Brief history of the archives and its transition to the digital.

From its inception, Beloit College treasured its history as a pioneer institution. The trustees and faculty kept careful records of their meetings in elegant, handwritten ledgers. Beginning in 1853, the student body documented collegiate life in the Beloit College Monthly, “Designed as an Exponent of Western Collegiate Education.” For its tenth anniversary, the college published a pamphlet by Professor Joseph Emerson entitled “Beloit College as a National Institution,” but it was as much promotional literature as history. At the quarter centennial in 1872 and again at the semi-centennial in 1897, the college printed lengthy compilations of papers detailing its history, educational philosophy, and mission. Clearly, as the years slipped by, faculty and administration felt in the mood to look back and take stock.

The December 1927 issue of the Beloit College Alumnus contained the following announcement under the heading, “A History of Beloit College:”

“Beloit has never had a history of its life. Many younger colleges have made much of historical volumes. The need of one for Beloit has been keenly felt…At the request of the Trustees of the College, Dr. Eaton has been at work for two years upon such a history…No other living alumnus is as well fitted to do this work.”

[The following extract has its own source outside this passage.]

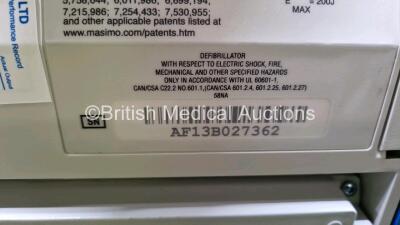 2 x Zoll R Series Plus Defibrillators / Monitors (Both Power Up) Including ECG and Printer Options with 2 x 3 Lead ECG Leads (Both Damaged Casings - See Photos), 2 x Paddle Leads, 2 x Power Cords and 2 x Lithium Ion Rechargeable Batteries *SN AF13B027383 - 13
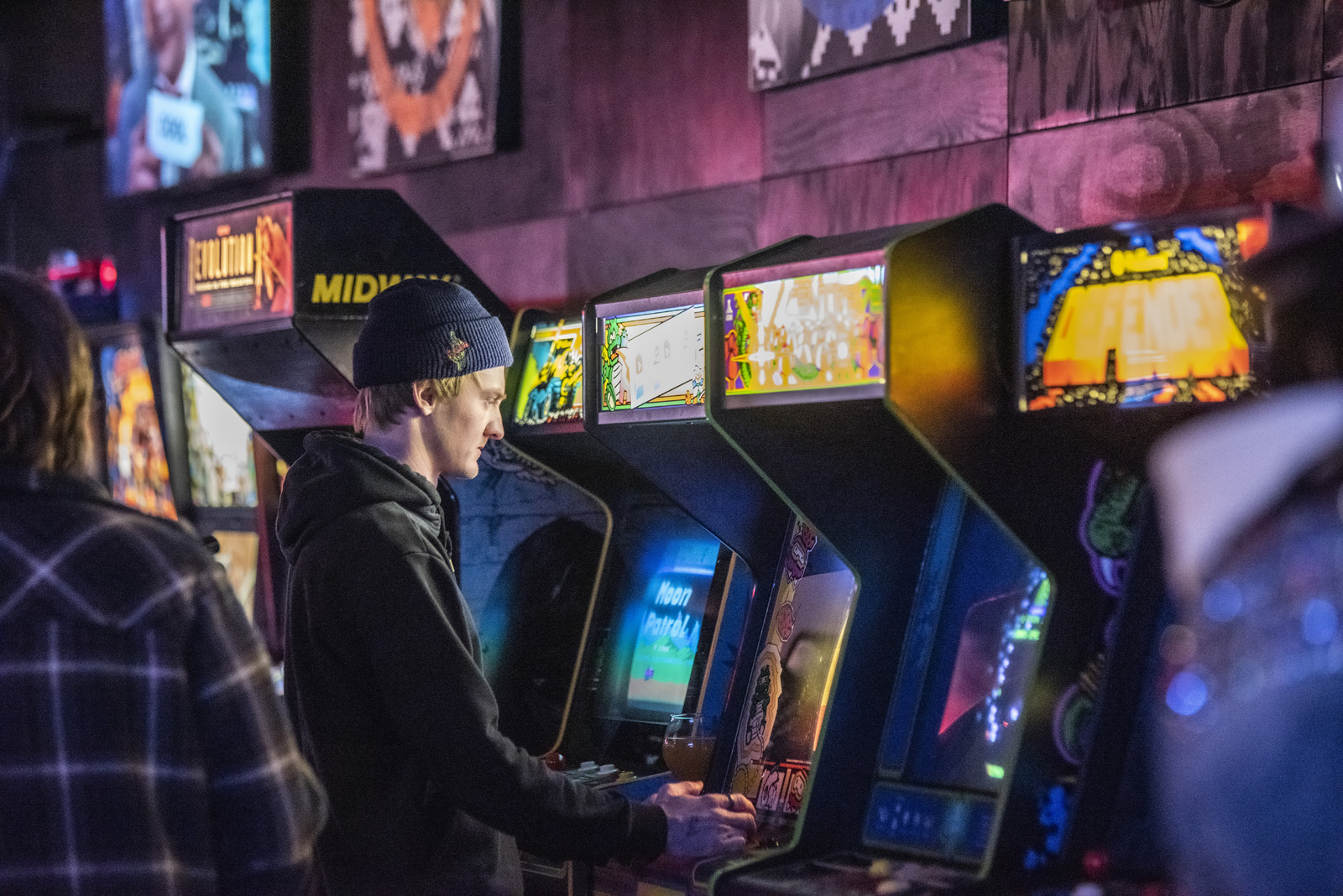 A man focused on playing video games surrounded by colorful arcade machines in a lively gaming room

As a graduate of the class of 1872, Eaton (pictured above) knew the old guard – Chapin, Blaisdell, Bushnell, Emerson, Porter, and others. As president from 1886 to 1917, Eaton had decades of experience with the inner workings of the college. Eaton, too, felt the urgency for a book-length history, noting in his introduction to the finished volume, Historical Sketches of Beloit College:

“Events unrecorded drift rapidly into oblivion. That which appears unforgettable is blurred with the passing of years and cannot be accurately recovered. The life of the College is too valuable a part of the life of the world, and too precious to all who know and love it, to be allowed through neglect to lapse into an indistinguishable past.”

Eaton’s attractively bound book appeared in May 1928 in an edition of 2,000 at $2 a copy. Early chapters brought to life such topics as “The Colony that became a College Town,” “The Epic of the Foundation Builders,” and “Some First Things and Some Noble Men.” Later chapters dealt with coeducation, presidential administrations, the curriculum, and more.

Historical Sketches sold out quickly, and within a few years Eaton made some slight revisions and added updated information for a new edition published in 1935. The college made sure to produce enough copies to give one to every entering student. A notice from President Irving Maurer read in part: “The College advises new students to be particularly careful in preserving this copy as its value will increase each year. The College suggests new students, in spare moments, to read the book carefully as a knowledge of the background of the College is essential to the fullest enjoyment of its life.”

Despite the book’s success, Beloit College Professor Robert Kimball Richardson (pictured above) longed for a more substantial and even scholarly treatment of the college’s history. Over the next 15 years, the legendary archivist and history professor devoted hours upon hours to painstaking research, rummaging through college attics and basements, plumbing the depths of thousands of pages of handwritten documents and printed materials, and conducting exhaustive correspondence with historical societies and archives and with anyone connected to the college’s past. Richardson worked before the dawn of the photocopier and laboriously typed excerpts from source material and made carbon copies for his complex filing system. At first he planned to simply update and embellish Eaton’s history, adding further details and documenting sources via footnotes, but over time he added hundreds of pages covering the evolution of academic departments, administration trials and successes, and student life customs and controversies. Professor Richardson completed a nearly 1,500-page manuscript shortly before his death in 1952. His widow, Helen Drew Richardson, negotiated with the college about publishing his work in two volumes, but nothing came of it. She labored off and on for the next two decades, attempting to whittle down the manuscript and create a more compact narrative history, but passed away before finishing.

For years, Historical Sketches of Beloit College served as the most accessible early history of Beloit College, but although the Richardson manuscript came in handy for research and reference, it remained tucked away in the College Archives, crammed into aging binders.

Now, for the first time ever, both books are available to the wider world through our Beloit College Digital Collections. Over the past year, under the supervision of Digital Resources Librarian Josh Hickman, students Liz Levy’14 and David Kovarik’15 have carefully scanned every page.